Robust optimization of pharmaceutical emergency logistics network under dynamic demand

This study aims to optimize pharmaceutical emergency logistics under dynamic demand and disrupted routes during public health crises. By integrating multi-scenario analysis and multimodal transportation, it seeks to minimize response time, unmet demand penalties, and costs while balancing efficiency and equity. The model addresses limitations of traditional single-mode logistics, leveraging COVID-19 case data to enhance adaptability in resource allocation. A robust optimization model is developed, integrating dynamic demand forecasting, scenario probabilities, and capacity constraints across four epidemic stages. The NSGA-III algorithm is employed to solve multi-objective trade-offs, with performance compared against NSGA-II using metrics like spacing and Pareto ratio. Robust standard vectors and scenario probabilities are analyzed to evaluate stability, supported by computational experiments from Chinese cities like Wuhan.
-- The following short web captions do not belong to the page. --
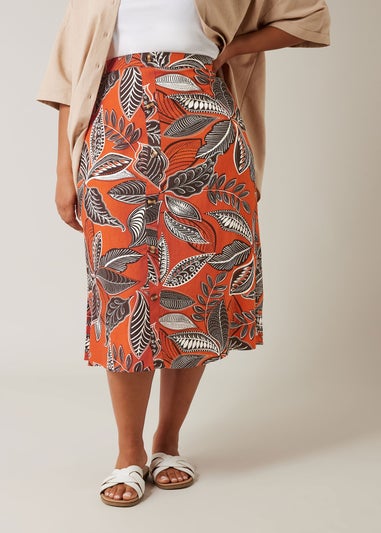 Evans Curve Rust Orange Leaf Print Linen Midi Skirt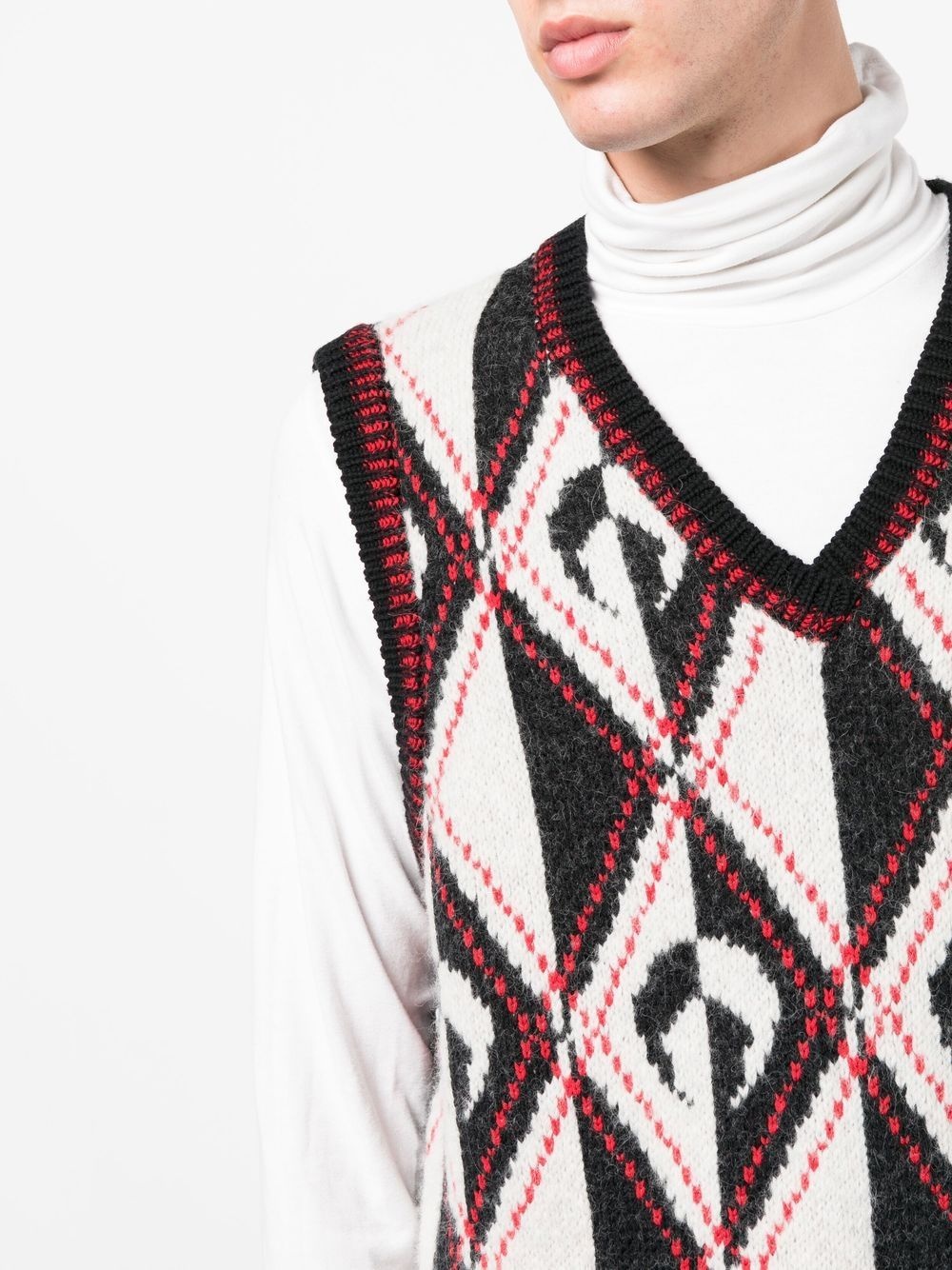 intarsia-knit logo vest - 5
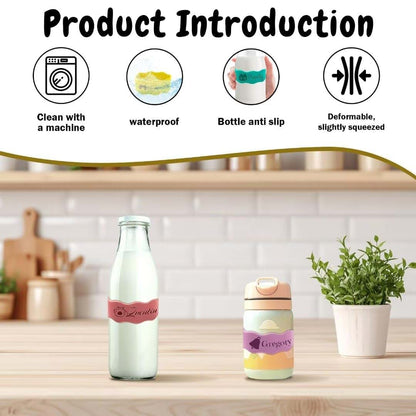 Yibairui Personalized Silicone Bottle Straps - Customizable Baby Bottle Labels with Engraved Names for Day CareReusable (photo 3)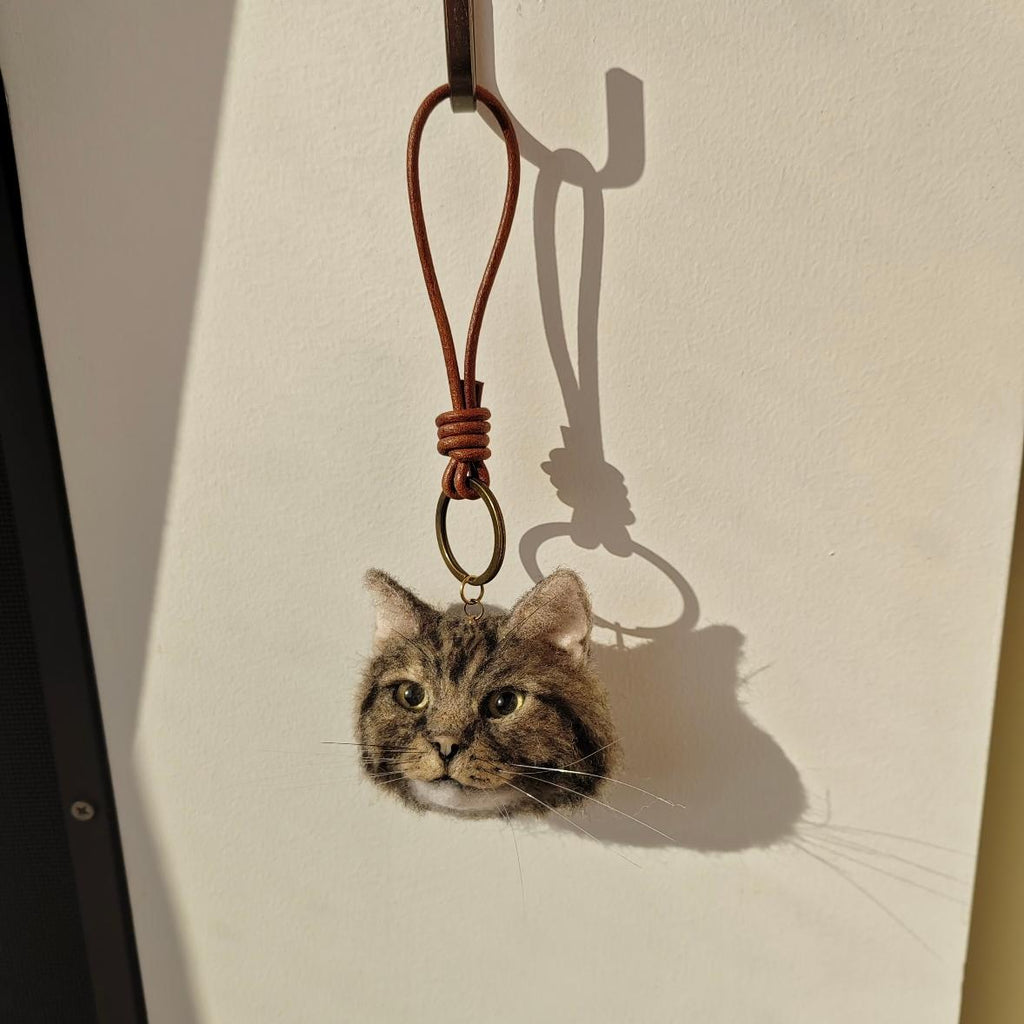 Realistic Custom Needle Felted Pet Head Charm - Personalized Dog & Cat Hanging Ornament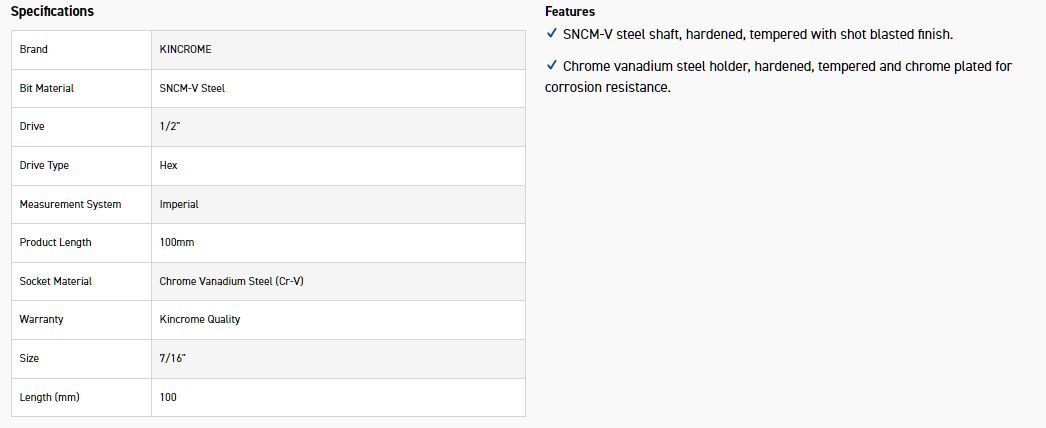KINCROME HS14 SOCKET HEX BIT AF 7/16-100MM(L - Image 3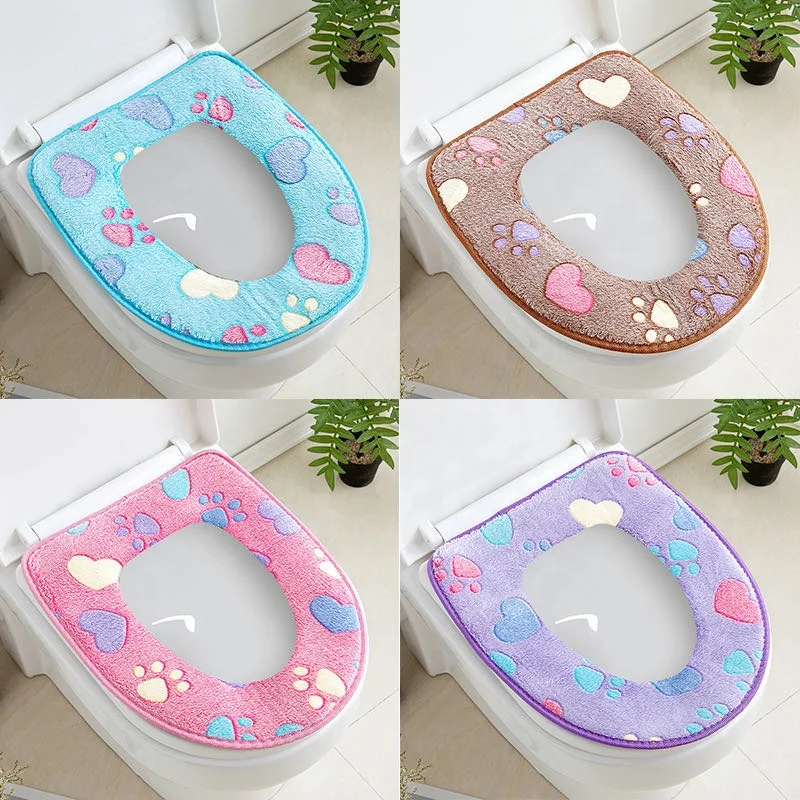 

2021 universal zipper plush toilet cover set high quality toilet seat cushion
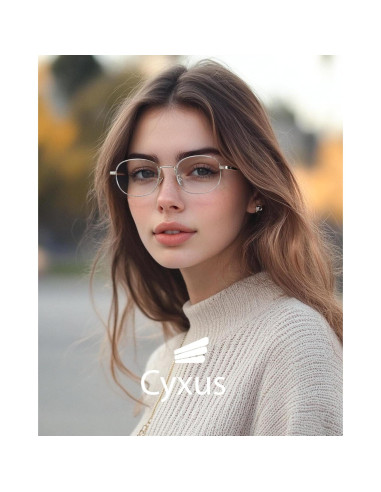 Gafas Retro Ovaladas Cyxus 8562 Anti Luz Azul UV Plata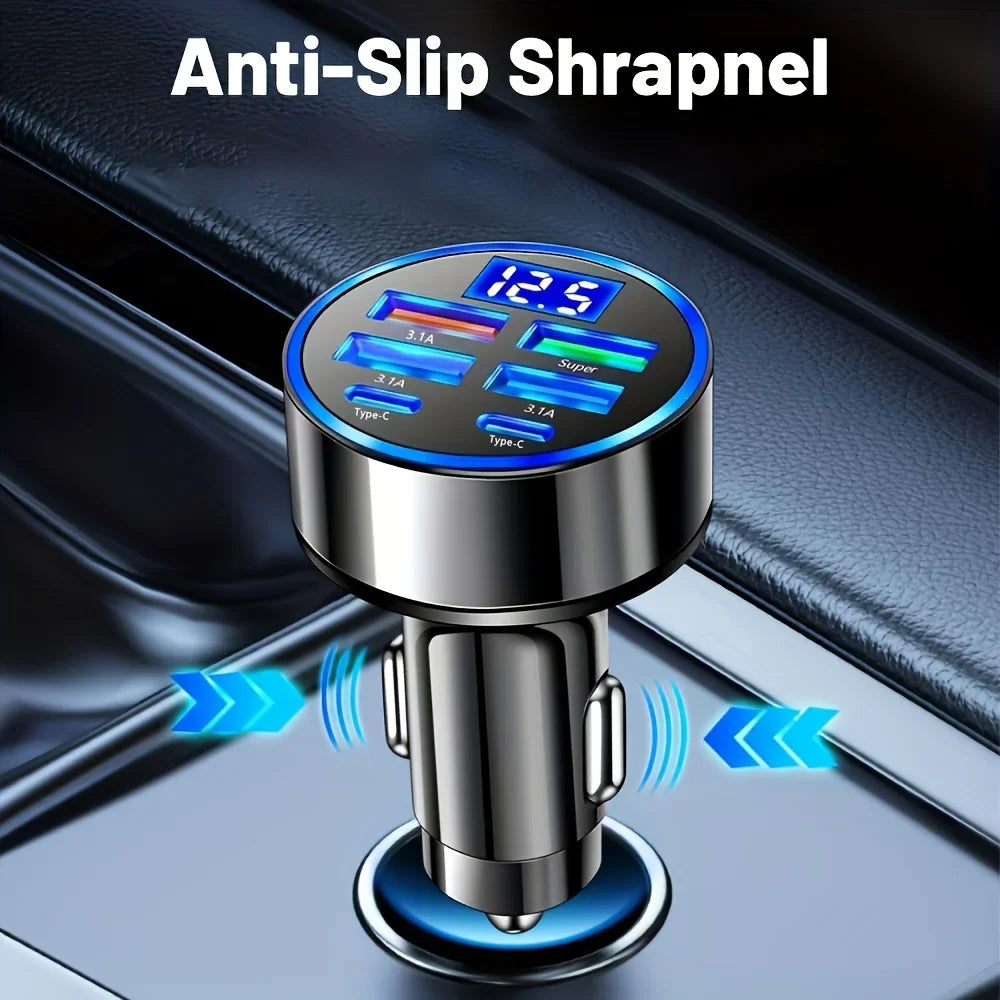 6-Port Car Charger, 3.1A USB & Type-C Fast Charge Adapter with LED Voltage Display Fast Delivery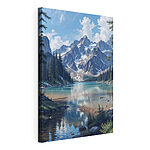 Canvas Schilderijen Meer omringd door bergen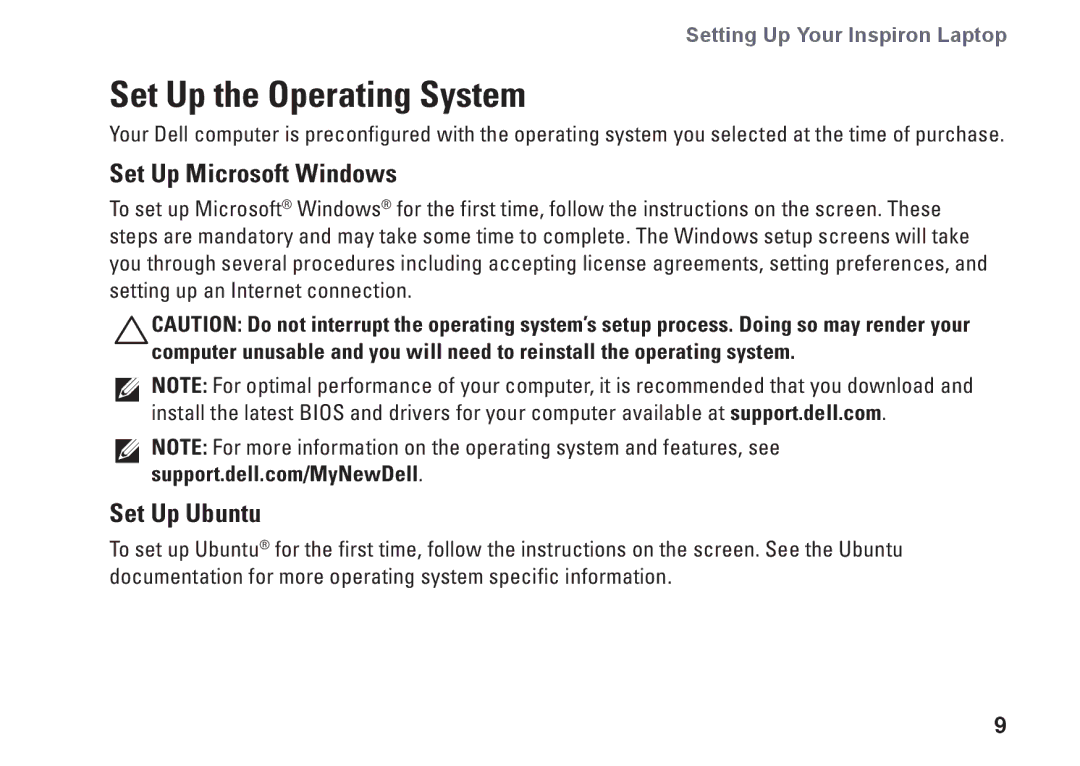 Dell P10F001, N5010, P10F002, M5010, 09N1F7A01 Set Up the Operating System, Set Up Microsoft Windows, Set Up Ubuntu 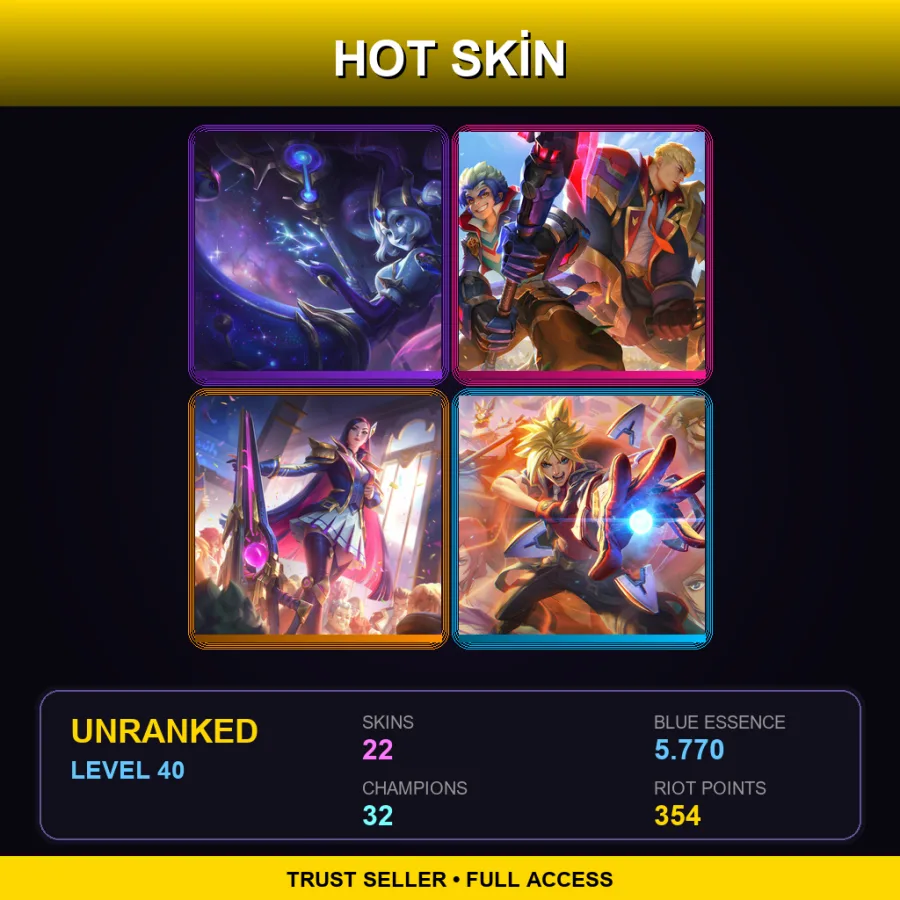 NA | Cosmic Destiny Nami | Battle Academia Garen | Battle Academia Caitlyn | Battle Academia Ezreal | 22 Skin | 32 Champ | Lv40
NSGA-III outperformed NSGA-II, generating 60% more Pareto solutions in T4 with 3% faster computation. Robust vectors significantly influenced outcomes: γ3 increased penalty costs linearly in high-demand phases, while γ1 escalated procurement expenses over time. Scenario probabilities p3 reduced penalties by 15–20% through coordinated logistics. The framework enables emergency managers to prioritize air transport for urgent deliveries and establish centralized hubs, reducing average response times by 18%. Public-private partnerships and dynamic inventory adjustments improve equity and efficiency, particularly in high-risk regions. This study contributes to the field by unifying dynamic demand modelling, multimodal transport optimization, and robust scenario-based decision-making into a single analytical framework. The application of NSGA-III effectively resolves many-objective optimization challenges, outperforming traditional methods in both diversity and convergence. A scenario-driven parameter analysis is introduced to quantitatively assess the impacts of uncertainty, thereby advancing theory in crisis logistics management.